A thought on quarters or any intervals for that matter. The main purpose of those for a marathoner is to learn to run with good form. To accomplish that purpose we need to choose the pace carefully. The idea is to run fast enough so that anaerobic bear will ride you your back if you run with bad form, but slow enough that he will not ride on your back regardless of your form. So suppose with bad form the anaerobic bear starts feeling a whole lot heavier between 70 and 71. Or in other words if you hit that quarter in 70 with good form, you feel the comfort of 71. If you run it in 71 it is comfortable regardless of the form. If you run it in 69 it is uncomfortable regardless of the form.
So in that example - the problem with 71 is that you can keep running with bad form and you do not feel it. The problem with 69 is that it is so painful that even if you improve the form you do not notice a whole lot of difference. Another problem with 69 is that you start training anaerobic bear tolerance. Which means that the pace at which you feel the difference between a good and a bad form becomes faster without any improvement in long distance performance. This also has a side effect of faster fuel burn at any speed, which leads to a spectacular wall experience in the marathon. This is why it is so common to see a post-collegiate star that should be running no slower than 2:13 barely manage 2:30 or worse in his first marathon. Too much anaerobic tolerance from all the brutal track workouts in college (and likely post-college as well, since he is used to training that way), so the metabolism shifts, 5:00 is a jog for him, but all of a sudden he gets past 15 and he cannot do 6:00, then he gets past 20, and he cannot even do 6:30. This takes some time to overcome.

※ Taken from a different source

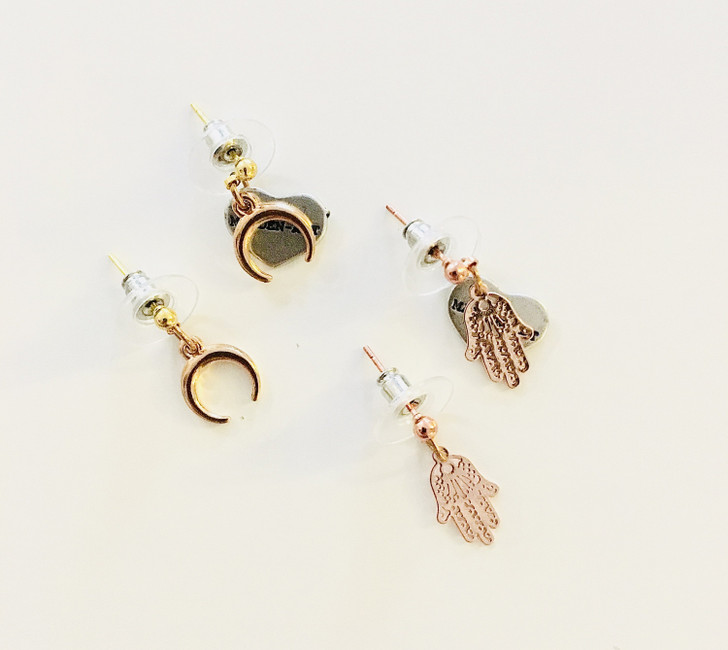 Crescent Moon or Hamsa Micro Earrings in Gold and Rose Gold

However, if you can just feel that balance of speed, you can achieve good results. The form will smooth out, and the performances in all distances from the mile to the marathon improve at the same time.
There is really no formula to calculate that speed even if you know your race performances because different people could have a different degree of anaerobic tolerance even if they have the exact same race times. You need to do it by feel. One way you would know you've done it right is that you'll notice that as the workout progresses your subsequent intervals keep getting faster and you cannot quite understand why because you are not working any harder. The form feels smoother, you start developing a greater measure of harmony and balance. You are able to enjoy the speed without paying too great of a price in terms of pain.
P.M. 2 with Jenny in 16:52. Julia and Benjamin, still sick, ran only 1 mile with us in 9:23. Then Jenny closed with a 7:29. 0.25 with Joseph in 2:36. 0.25 with Jacob in 2:35.